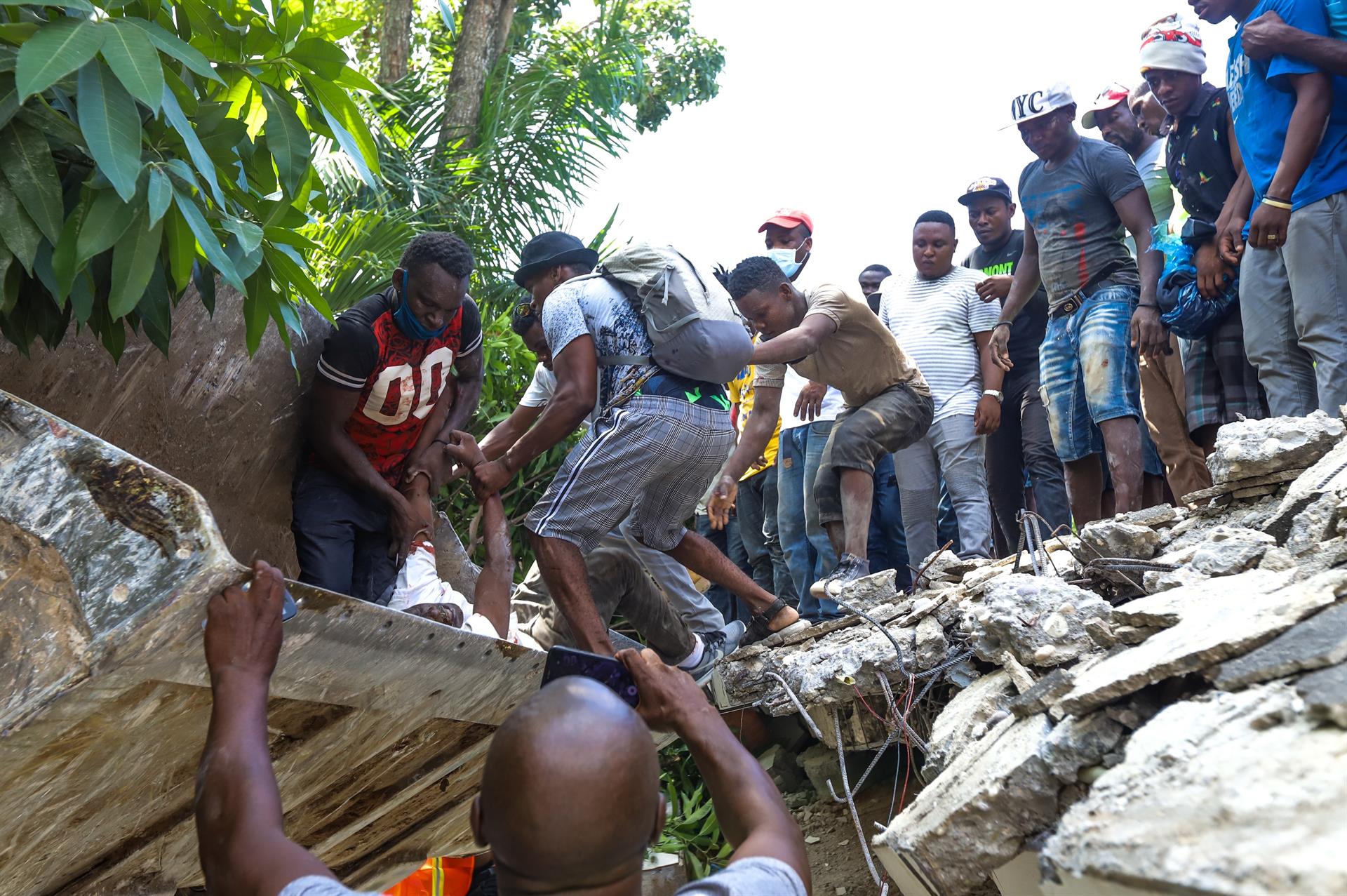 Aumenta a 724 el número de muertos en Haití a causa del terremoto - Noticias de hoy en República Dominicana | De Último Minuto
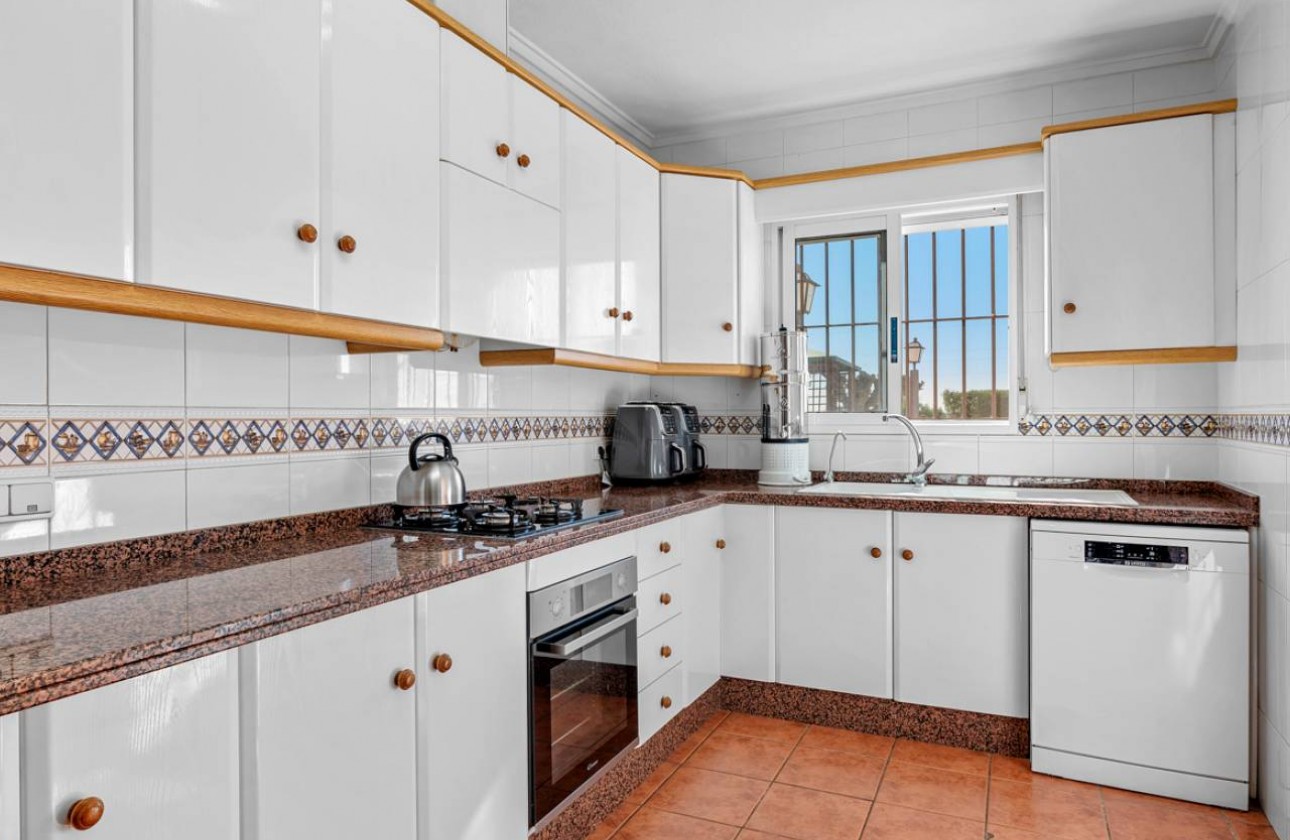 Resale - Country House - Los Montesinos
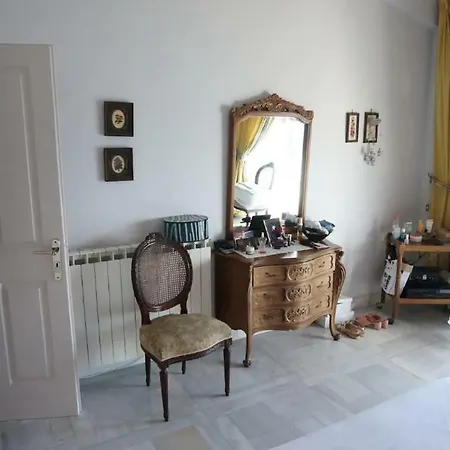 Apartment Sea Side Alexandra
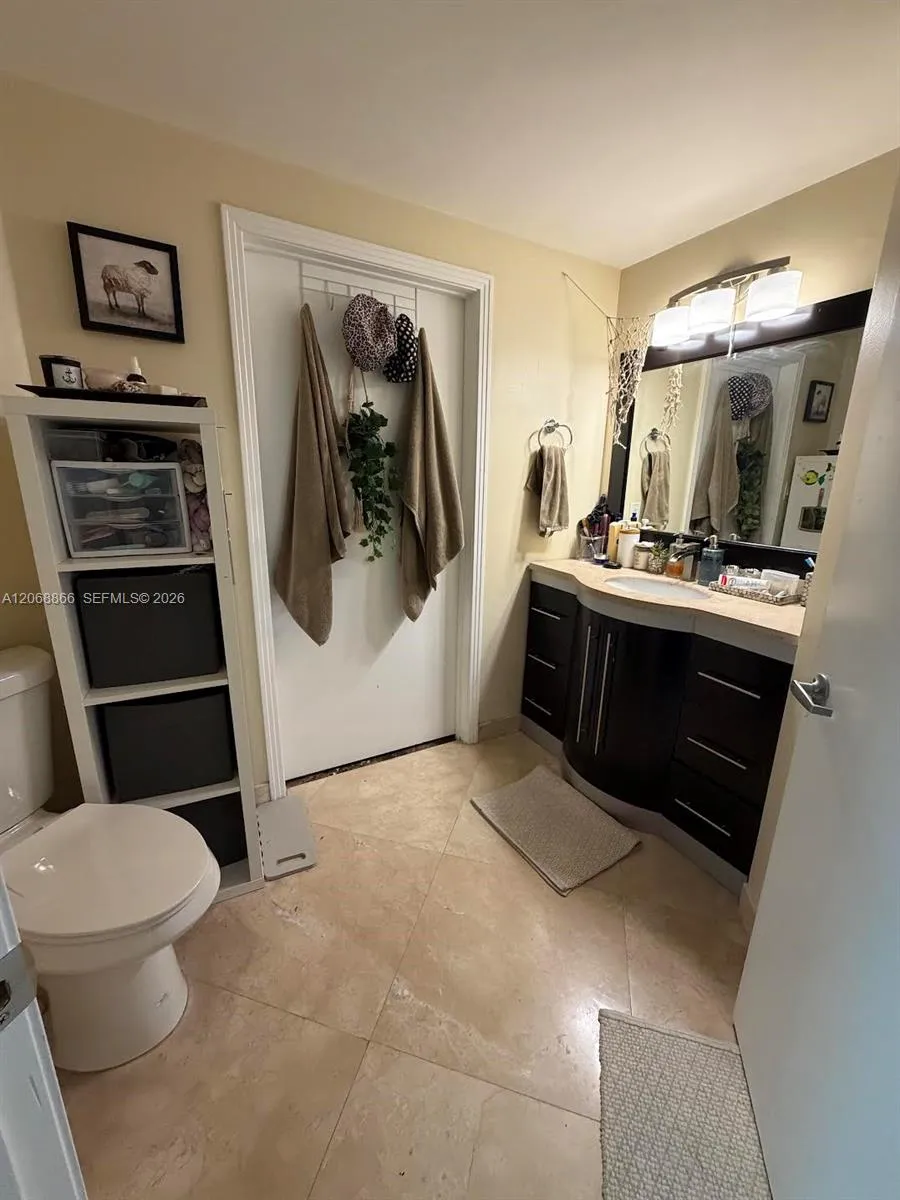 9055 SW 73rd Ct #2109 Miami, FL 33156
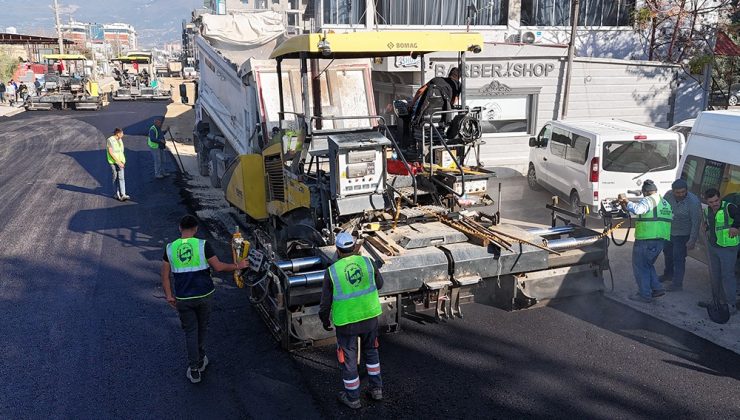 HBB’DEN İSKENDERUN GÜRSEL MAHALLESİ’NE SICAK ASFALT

+++++

Only the lines from the one with "Resale - Country House - Los Montesinos" through the final line of the data should be written out, exactly and including both ends. Skip the pictures.

 Resale - Country House - Los Montesinos
 Apartment Sea Side Alexandra
 9055 SW 73rd Ct #2109 Miami, FL 33156
 HBB’DEN İSKENDERUN GÜRSEL MAHALLESİ’NE SICAK ASFALT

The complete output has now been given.